Behörden melden häufiger Heimatreisen von Flüchtlingen
Bei den deutschen Ämtern mangelt es noch immer an klaren Regeln
NÜRNBERG (dpa) - Das Bundesamt für Migration und Flüchtlinge (Bamf) erfährt inzwischen öfter von Reisen von Flüchtlingen in ihre Herkunftsländer. Andere Stellen wie die Bundespolizei, die Ausländerbehörden oder die Bundesagentur für Arbeit seien für das Thema stärker sensibilisiert, sagte eine Bamf-Sprecherin. Außerdem gebe es mittlerweile einen „funktionierenden Kommunikationsweg“zwischen den Behörden. „Die meisten Mitteilungen erfolgen seitens der Bundespolizei im Bundesgebiet, aber auch aus dem Ausland.“Die Zahl solcher Reisen können weder das Bamf noch die Bundespolizei beziffern. „Das Phänomen ist jedoch nicht nur vereinzelt bekannt“, teilte ein Sprecher der Bundespolizei mit.

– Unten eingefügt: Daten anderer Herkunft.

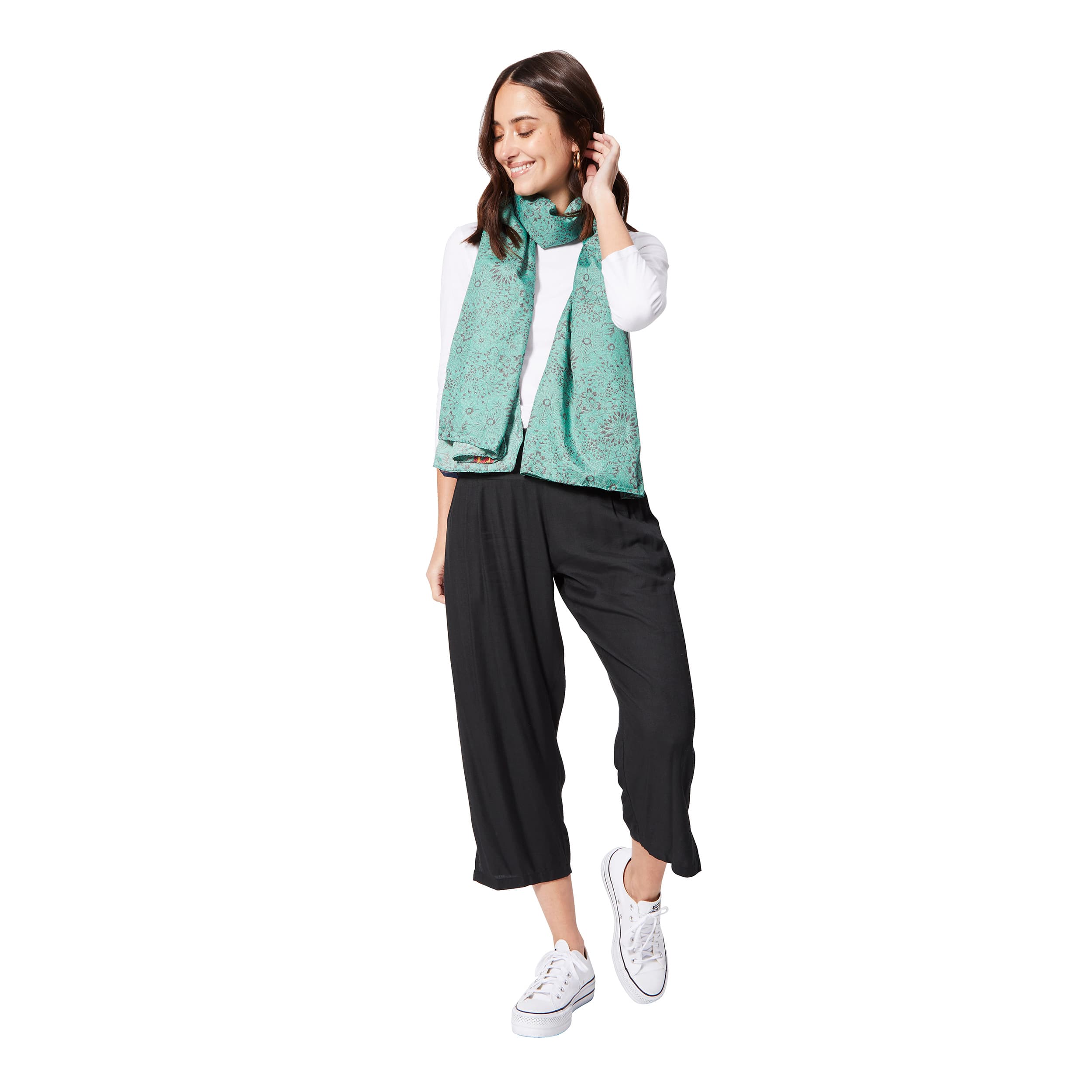 Foulard été Sohrab - 100% polyester - vert, gris - Akoustik Online
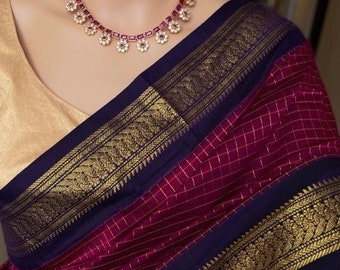 New Arrivals magenta color Cotton Silk Saree With Checks | South Indian Saree | Wedding Saree | Sarees USA | Custom Stitching Blouse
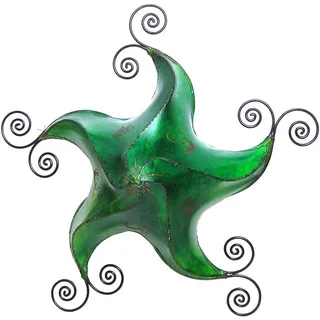 Orientalische Lampe Deckenleuchte Hängelampe marokkanische Deckenlampe Lederlampe STERN Gecko Star 70 cm, grün - Grün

Eine Reise in das Land, aus dem die Menschen aus Angst geflohen sind, führt nicht automatisch zur Aberkennung ihres Schutzstatus’. Es ist – wie vieles im Asylverfahren – vom Einzelfall abhängig. Laut Bamf gibt es aber nach wie vor für Heimatreisen anerkannter Flüchtlinge kein gesetzlich geregeltes Verfahren.
Wer hierzulande einen Schutzstatus wie Asyl oder subsidiären Schutz bekommen hat oder als Flüchtling anerkannt wurde, darf grundsätzlich Auslandsreisen unternehmen. Aufgrund von EU-Regeln erlischt der Schutz für anerkannte Flüchtlinge in Deutschland auch nicht automatisch, wenn sie freiwillig in das Land reisen, aus dem sie aus Furcht vor Verfolgung geflohen sind. Für einen vorübergehenden Aufenthalt dort gibt es nämlich laut Bamf durchaus nachvollziehbare Gründe – etwa eine schwere Erkrankung eines nahen Angehörigen.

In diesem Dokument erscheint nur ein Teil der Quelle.